**What to work on**
Please retype the entries below exactly as they are written.

Crawled caption data:
┌────────

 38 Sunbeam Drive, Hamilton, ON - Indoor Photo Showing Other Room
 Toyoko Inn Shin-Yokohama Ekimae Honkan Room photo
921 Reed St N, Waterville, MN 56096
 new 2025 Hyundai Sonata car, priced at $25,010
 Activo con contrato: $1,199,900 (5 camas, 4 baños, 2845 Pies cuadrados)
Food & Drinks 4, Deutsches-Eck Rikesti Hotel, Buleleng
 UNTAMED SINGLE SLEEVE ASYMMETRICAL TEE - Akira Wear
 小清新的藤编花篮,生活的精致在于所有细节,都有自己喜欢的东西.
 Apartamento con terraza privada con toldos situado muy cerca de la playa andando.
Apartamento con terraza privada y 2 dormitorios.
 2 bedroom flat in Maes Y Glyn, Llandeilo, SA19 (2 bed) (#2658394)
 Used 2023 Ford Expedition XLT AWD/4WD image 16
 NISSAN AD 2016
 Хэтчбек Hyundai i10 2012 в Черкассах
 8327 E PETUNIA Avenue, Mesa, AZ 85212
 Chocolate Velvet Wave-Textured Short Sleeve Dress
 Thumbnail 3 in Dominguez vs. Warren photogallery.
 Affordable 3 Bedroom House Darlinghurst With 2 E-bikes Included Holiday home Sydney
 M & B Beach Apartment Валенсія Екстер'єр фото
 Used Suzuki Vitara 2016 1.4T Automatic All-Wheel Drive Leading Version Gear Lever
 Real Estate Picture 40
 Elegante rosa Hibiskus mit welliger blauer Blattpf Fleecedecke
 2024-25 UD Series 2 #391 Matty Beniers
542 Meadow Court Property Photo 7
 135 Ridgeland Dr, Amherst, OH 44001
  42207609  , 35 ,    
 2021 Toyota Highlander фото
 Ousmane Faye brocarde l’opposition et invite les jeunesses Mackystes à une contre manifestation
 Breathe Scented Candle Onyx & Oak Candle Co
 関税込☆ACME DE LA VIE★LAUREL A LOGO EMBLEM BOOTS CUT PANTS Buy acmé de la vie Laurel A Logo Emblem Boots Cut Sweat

└────────

**Solution to the exercise**
 38 Sunbeam Drive, Hamilton, ON - Indoor Photo Showing Other Room
 Toyoko Inn Shin-Yokohama Ekimae Honkan Room photo
921 Reed St N, Waterville, MN 56096
 new 2025 Hyundai Sonata car, priced at $25,010
 Activo con contrato: $1,199,900 (5 camas, 4 baños, 2845 Pies cuadrados)
Food & Drinks 4, Deutsches-Eck Rikesti Hotel, Buleleng
 UNTAMED SINGLE SLEEVE ASYMMETRICAL TEE - Akira Wear
 小清新的藤编花篮,生活的精致在于所有细节,都有自己喜欢的东西.
 Apartamento con terraza privada con toldos situado muy cerca de la playa andando.
Apartamento con terraza privada y 2 dormitorios.
 2 bedroom flat in Maes Y Glyn, Llandeilo, SA19 (2 bed) (#2658394)
 Used 2023 Ford Expedition XLT AWD/4WD image 16
 NISSAN AD 2016
 Хэтчбек Hyundai i10 2012 в Черкассах
 8327 E PETUNIA Avenue, Mesa, AZ 85212
 Chocolate Velvet Wave-Textured Short Sleeve Dress
 Thumbnail 3 in Dominguez vs. Warren photogallery.
 Affordable 3 Bedroom House Darlinghurst With 2 E-bikes Included Holiday home Sydney
 M & B Beach Apartment Валенсія Екстер'єр фото
 Used Suzuki Vitara 2016 1.4T Automatic All-Wheel Drive Leading Version Gear Lever
 Real Estate Picture 40
 Elegante rosa Hibiskus mit welliger blauer Blattpf Fleecedecke
 2024-25 UD Series 2 #391 Matty Beniers
542 Meadow Court Property Photo 7
 135 Ridgeland Dr, Amherst, OH 44001
  42207609  , 35 ,    
 2021 Toyota Highlander фото
 Ousmane Faye brocarde l’opposition et invite les jeunesses Mackystes à une contre manifestation
 Breathe Scented Candle Onyx & Oak Candle Co
 関税込☆ACME DE LA VIE★LAUREL A LOGO EMBLEM BOOTS CUT PANTS Buy acmé de la vie Laurel A Logo Emblem Boots Cut Sweat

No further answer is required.